Definition of irreducible components in topological spaces

First of all the definition of irreducibility:

• A topological space $X$ is called reducible if $X$ can be written as a union of two non-empty and closed proper subsets of $X$. We call $X$ irreducible if it is not reducible.
• A subset $F$ of $X$ is called reducible resp. irreducible if it has this property in its subspace topology.

Now on Wikipedia I have found the following definition of irreducible component:

• An irreducible component of a topological space is a maximal irreducible subset.

My question: What do we mean with maximal here? I thought if a subset is irreducible it is automatically maximal because we can not split it up into two smaller closed sets. Can someone explain what is wrong with my thought? It would be great if someone could give me an specific example (e.g. from the Zariski topology).

I also have no idea why irreducible components are also closed but I hope that I will understand it if I could solve my problem above.

• If $A$ is irreducible then $\overline A$ is irreducible. For algebraic varieties probably irreducible component is the same as a closed irreducible subset. – user171326 Apr 23 '17 at 15:03

It's probably the case that $F \subset X$ is a maximal irreducible set if it's irreducible and the following implication holds: $$F \subset A \text{ and } A \text{ is irreducible} \implies F = A$$

Example: consider $X = \{0,1\}$ with the discrete topology. The set $\{1\}$ is an irreducible component.

Let $F$ be an irreducible component. Let's show that $\overline F$ is irreducible. Suppose not and write $\overline F = A \cup B$ where $A$ and $B$ are proper closed subsets of $\overline F$. We have $A = A' \cap \overline F$ and $B = B' \cap \overline F$ where $A'$ and $B'$ are closed in $X$. Let $A'' = A' \cap F$ and $B'' = B' \cap F$. We have that $A''$ and $B''$ are closed in $F$ and: $$A'' \cup B'' = (A' \cup B') \cap F = (A' \cup B') \cap \overline F \cap F = [(A' \cap \overline F) \cup (B' \cap \overline F)] \cap F = (A \cup B) \cap F = \overline F \cap F = F$$

Also note that if $A'' = F$, then $F \subset A'$, hence $\overline F \subset \overline A' = A'$, so $A = \overline F$, a contradiction. Similarly, we get that $A''$ and $B''$ are proper subsets of $F$. It's also evident that they're non-empty. Thus, $F$ is reducible, a contradiction. Therefore, $\overline F$ is irreducible and so, $F = \overline F$, so $F$ is closed.

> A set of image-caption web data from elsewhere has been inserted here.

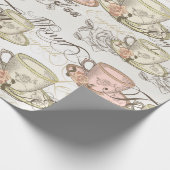 コーヒーカップ ラッピングペーパー (角)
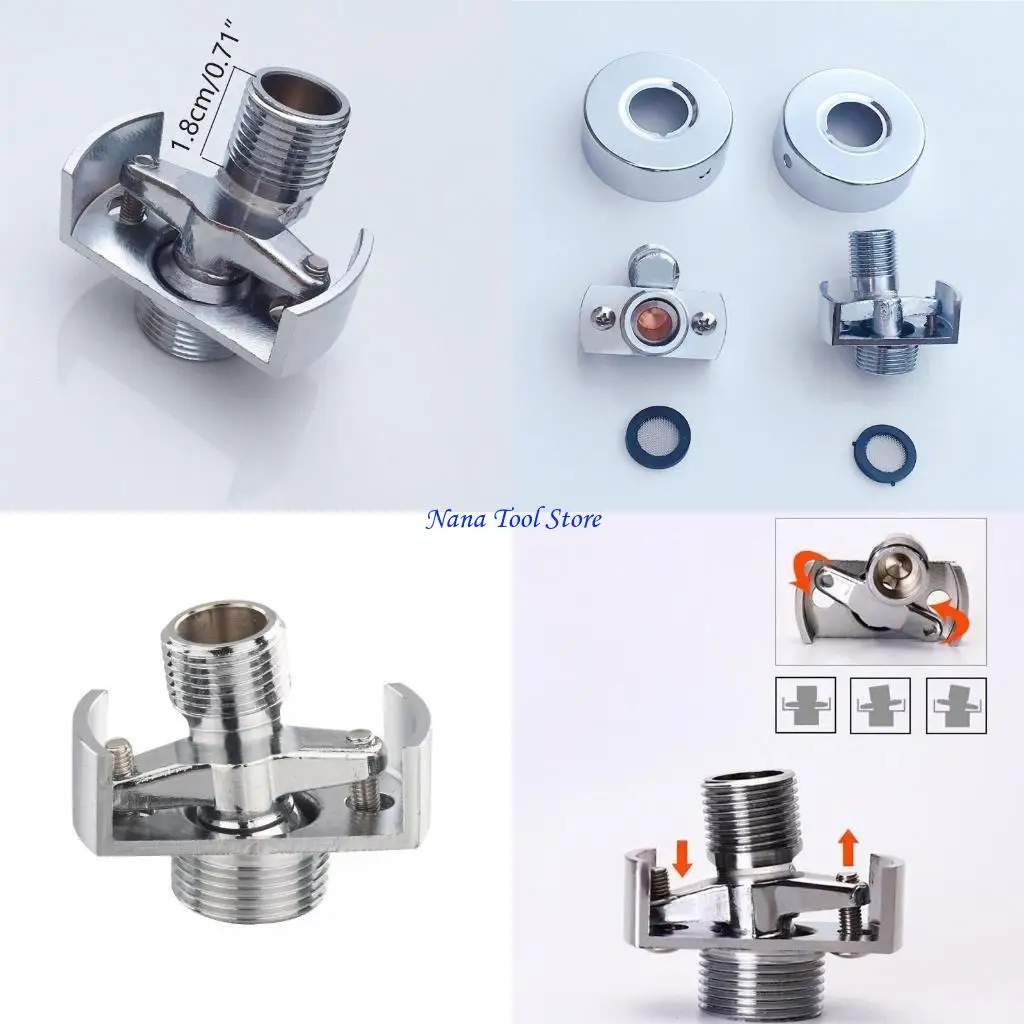 

31GJ Copper Shower for Head Adapter Universal Angled Curved Foot Eccentric Screw Corn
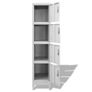 Locker Cabinet with 4 Compartments 38x45x180 cm Image 6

Let $X$ be $\mathbb{N}$ in the cofinite topology, which has as only closed sets the finite sets and $X$ itself. This is hereditary: if $A \subseteq X$, its subspace topology is also cofinite.

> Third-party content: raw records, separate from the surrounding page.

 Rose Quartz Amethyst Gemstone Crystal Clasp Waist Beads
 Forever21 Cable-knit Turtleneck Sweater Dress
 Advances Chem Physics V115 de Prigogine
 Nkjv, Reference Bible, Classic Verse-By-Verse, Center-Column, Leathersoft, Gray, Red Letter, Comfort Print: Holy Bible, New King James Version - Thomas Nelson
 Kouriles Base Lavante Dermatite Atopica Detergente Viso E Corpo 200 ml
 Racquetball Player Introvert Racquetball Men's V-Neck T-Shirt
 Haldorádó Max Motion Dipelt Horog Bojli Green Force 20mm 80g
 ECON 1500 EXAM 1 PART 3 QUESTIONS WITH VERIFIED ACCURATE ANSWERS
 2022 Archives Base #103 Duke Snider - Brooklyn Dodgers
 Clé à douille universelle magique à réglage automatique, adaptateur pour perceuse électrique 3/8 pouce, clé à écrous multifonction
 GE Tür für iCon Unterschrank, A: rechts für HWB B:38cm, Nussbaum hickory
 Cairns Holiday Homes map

Any infinite cofinite space $X$ is irreducible (we can only write it as $A \cup B$ both closed and not the whole space iff $A$ and $B$, and thus $X$ is finite.

So the even numbers in $X$ are irreducible but not maximally so (as $X$ itself is larger and also irreducible):

$A$ is an irreducible component of $X$ iff $A$ is irreducible and for every $A \subseteq B \subseteq X$: if $B$ is irreducible then $A = B$.

To check if a subset $F \subseteq X$ is irreducible, it is considered as its own topological space via the induced topology. So we isolate the set $F$, give it the induced topology (forgetting a lot of stuff about $X$!), and check if that new space is irreducible. But it might be the case that while $F$ considered as a space is irreducible, $F \cup G$ is also irreducible for some other subset $G \subseteq X$.

As an example, take the set $X = \{0, \ldots, n\}$ with the coarse topology where the only closed sets are $\emptyset$ and $X$. Here any subset $F \subseteq X$ will be coarse again, and hence irreducible, and so a maximal such subset is $X$. You can make a similar example using the Zariski topology: circle part of an irreducible curve on a page: that circled chunk should be irreducible as a topological space, but it is certainly not maximal.